Ms Dodds initially went to the Dean of Students, Jason Last, who supported the project and put her in contact with UCD Students’ Union, who had already been distributing free period products. “There had been agreement across the university to roll this out on a university level but it hadn’t really gotten legs yet,” Dodds stated, “The library is a large enough unit that we can undertake a project on our own.” From this point, Dodds found a team of volunteers within the library who agreed to help with the restocking of products in the bathrooms, “The Dean of Students very kindly shared some of the initial costs with us in terms of the vending machines and in the library we made the commitment to purchase the stock, [...] The SU had a deal with the supplier of products, and they let us purchase using that deal, they brought the products over for us and our staff checked and restocked our bathrooms.”
Dodds praised the Students’ Union team of 2021, particularly Carla Gummerson, in her role as graduate officer, and Molly Greenough, as Welfare Officer, who assisted the team in planning the execution of the scheme and making sure that the products were stocked in ladies, men’s and disability toilets. “Libraries should be as inclusive a place as possible and should serve all members of our community equally and so it just seems to fit really well with the ethos of what we do in libraries,” stated Lorna. “Once you start to provide a service like this it is really obvious it should have been there all the time.” Dodds went on to mention that as well as the campaign tackling period poverty, it also can be useful for a student who begins their period and has no products with them, “It’s obviously aimed at the poverty angle but also any student can be caught out in the library. On a very personal level, I am a mother of two teenage girls, and I am a woman as well. I have an understanding of how it’s very easy to get caught out on this sort of thing.”
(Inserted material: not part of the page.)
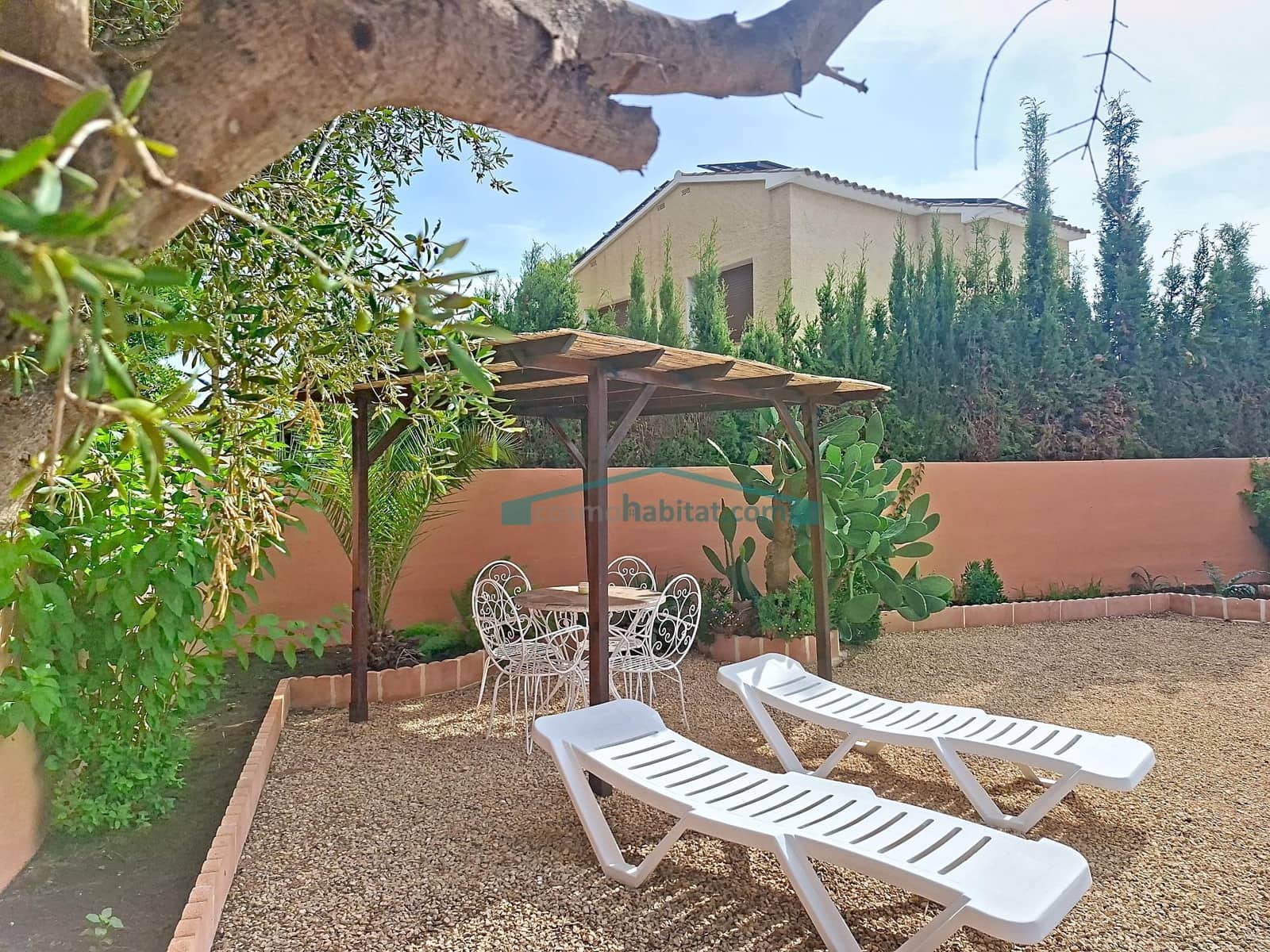 2 bedroom Villa for sale in Alfaz del Pi / L'Alfas del Pi with pool garage - € 450,000 (Ref: 10132074)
“Once you start to provide a service like this it is really obvious it should have been there all the time.”
The group received a “Values in Action” award from UCD in December 2022. Dodd commented, “I’m really proud of the initiative anyway, but then to get an award for it was really lovely.” She added that colleagues from public libraries have expressed their interest in carrying out a similar scheme in their libraries. “It’s definitely going to continue, the University management team had agreed, there is kind of a public service agreement that this will be rolled out across public service buildings,[...] we just kind of went and did it, there is actually a University group looking at Period Poverty, and I got to join that group, it is now actively being rolled out across the whole campus” added Ms Dodds. “The way we were doing it in the library, it is not sustainable for library staff to be going around and refilling all the time. I was always very clear that this was a pilot and we need to find a more sustainable approach. UCD estates and the Education, Disability and Inclusions office are leading out from this and they have identified a range of heavily used buildings across campus where they are contracting a new service and the library is being included in that.”
It is clear that people are starting to pay attention to period poverty in Ireland and around the world, but what is also clear is the consequences that people within communities around the world are being forced to face daily, before something is done to tackle period poverty.